**Work instruction**.
Retype verbatim the lines of the listing, from the very first through the line with "O Player A has a dominant strategy.".
━━━ Data for this exercise ━━━
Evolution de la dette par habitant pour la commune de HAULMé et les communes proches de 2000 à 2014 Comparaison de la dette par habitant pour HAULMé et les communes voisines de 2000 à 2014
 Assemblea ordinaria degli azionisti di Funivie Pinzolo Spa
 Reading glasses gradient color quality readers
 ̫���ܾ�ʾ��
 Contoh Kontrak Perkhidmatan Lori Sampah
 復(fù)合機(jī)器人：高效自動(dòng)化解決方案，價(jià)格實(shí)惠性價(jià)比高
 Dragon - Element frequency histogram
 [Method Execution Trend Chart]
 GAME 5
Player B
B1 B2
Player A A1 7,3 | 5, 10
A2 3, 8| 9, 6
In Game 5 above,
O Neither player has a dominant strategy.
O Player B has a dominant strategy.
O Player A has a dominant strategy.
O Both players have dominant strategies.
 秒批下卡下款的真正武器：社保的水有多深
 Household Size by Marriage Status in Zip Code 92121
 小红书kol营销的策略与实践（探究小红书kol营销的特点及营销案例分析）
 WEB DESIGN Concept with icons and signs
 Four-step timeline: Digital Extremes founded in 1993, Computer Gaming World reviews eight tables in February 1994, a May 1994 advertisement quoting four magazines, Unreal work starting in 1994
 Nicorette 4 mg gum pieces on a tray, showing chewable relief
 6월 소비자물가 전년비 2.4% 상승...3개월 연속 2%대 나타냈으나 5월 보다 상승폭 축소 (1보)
━━━
**Solution to the exercise**.
Evolution de la dette par habitant pour la commune de HAULMé et les communes proches de 2000 à 2014 Comparaison de la dette par habitant pour HAULMé et les communes voisines de 2000 à 2014
 Assemblea ordinaria degli azionisti di Funivie Pinzolo Spa
 Reading glasses gradient color quality readers
 ̫���ܾ�ʾ��
 Contoh Kontrak Perkhidmatan Lori Sampah
 復(fù)合機(jī)器人：高效自動(dòng)化解決方案，價(jià)格實(shí)惠性價(jià)比高
 Dragon - Element frequency histogram
 [Method Execution Trend Chart]
 GAME 5
Player B
B1 B2
Player A A1 7,3 | 5, 10
A2 3, 8| 9, 6
In Game 5 above,
O Neither player has a dominant strategy.
O Player B has a dominant strategy.
O Player A has a dominant strategy.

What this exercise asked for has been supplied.